Rewrite the expander for umulo/smulo to remember to sign extend the input
manually and pass all (now) 4 arguments to the mul libcall. Add a new
ExpandLibCall for just this (copied gratuitously from type legalization).

Fixes rdar://9292577

llvm-svn: 129842
diff --git a/llvm/lib/CodeGen/SelectionDAG/LegalizeDAG.cpp b/llvm/lib/CodeGen/SelectionDAG/LegalizeDAG.cpp
index e605e5a..2b6c56e 100644
--- a/llvm/lib/CodeGen/SelectionDAG/LegalizeDAG.cpp
+++ b/llvm/lib/CodeGen/SelectionDAG/LegalizeDAG.cpp
@@ -142,6 +142,9 @@
                              DebugLoc dl);
 
   SDValue ExpandLibCall(RTLIB::Libcall LC, SDNode *Node, bool isSigned);
+  SDValue ExpandLibCall(RTLIB::Libcall LC, EVT RetVT, const SDValue *Ops,
+                        unsigned NumOps, bool isSigned, DebugLoc dl);
+
   std::pair<SDValue, SDValue> ExpandChainLibCall(RTLIB::Libcall LC,
                                                  SDNode *Node, bool isSigned);
   SDValue ExpandFPLibCall(SDNode *Node, RTLIB::Libcall Call_F32,
@@ -2056,6 +2059,40 @@
   return CallInfo.first;
 }
 
+/// ExpandLibCall - Generate a libcall taking the given operands as arguments 
+/// and returning a result of type RetVT.

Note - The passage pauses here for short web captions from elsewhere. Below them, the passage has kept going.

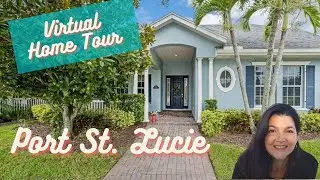 $325,000 BEAUTIFUL HOUSE FOR SALE - TRADITION WITH POOL + SEPARATE APARTMENT PRIVATE TOUR NY CLIENT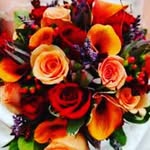 Samuel Adolphus - @samuel.adolphus.904 - Instagram
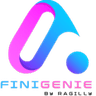 Finigenie
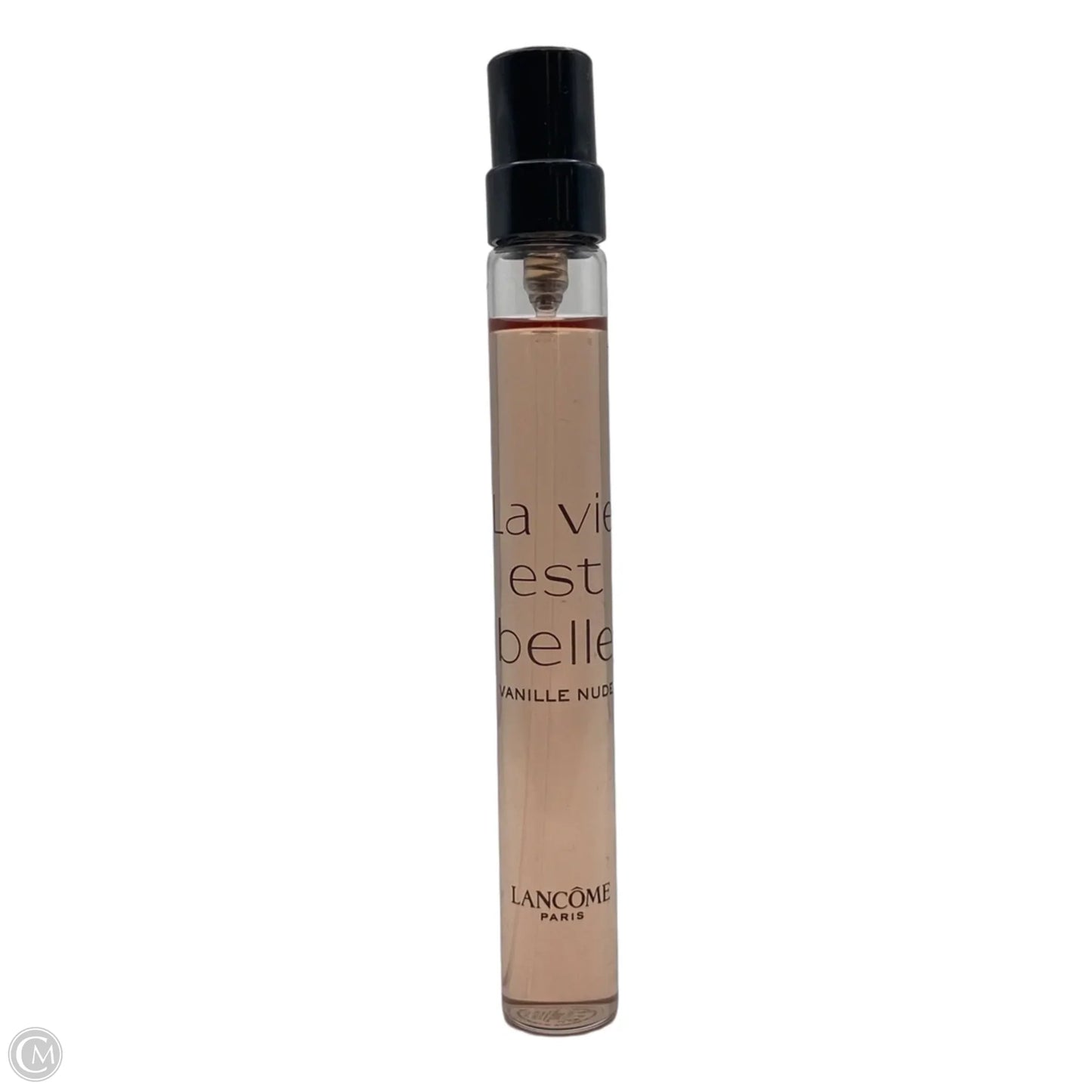 Fragrance By Lancome, Size: 0.33 fl oz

+SDValue SelectionDAGLegalize::ExpandLibCall(RTLIB::Libcall LC, EVT RetVT,
+                                            const SDValue *Ops, unsigned NumOps,
+                                            bool isSigned, DebugLoc dl) {
+  TargetLowering::ArgListTy Args;
+  Args.reserve(NumOps);
+  
+  TargetLowering::ArgListEntry Entry;
+  for (unsigned i = 0; i != NumOps; ++i) {
+    Entry.Node = Ops[i];
+    Entry.Ty = Entry.Node.getValueType().getTypeForEVT(*DAG.getContext());
+    Entry.isSExt = isSigned;
+    Entry.isZExt = !isSigned;
+    Args.push_back(Entry);
+  }
+  SDValue Callee = DAG.getExternalSymbol(TLI.getLibcallName(LC),
+                                         TLI.getPointerTy());
+  
+  const Type *RetTy = RetVT.getTypeForEVT(*DAG.getContext());
+  std::pair<SDValue,SDValue> CallInfo =
+  TLI.LowerCallTo(DAG.getEntryNode(), RetTy, isSigned, !isSigned, false,
+                  false, 0, TLI.getLibcallCallingConv(LC), false,
+                  /*isReturnValueUsed=*/true,
+                  Callee, Args, DAG, dl);
+  
+  // Legalize the call sequence, starting with the chain.  This will advance
+  // the LastCALLSEQ_END to the legalized version of the CALLSEQ_END node that
+  // was added by LowerCallTo (guaranteeing proper serialization of calls).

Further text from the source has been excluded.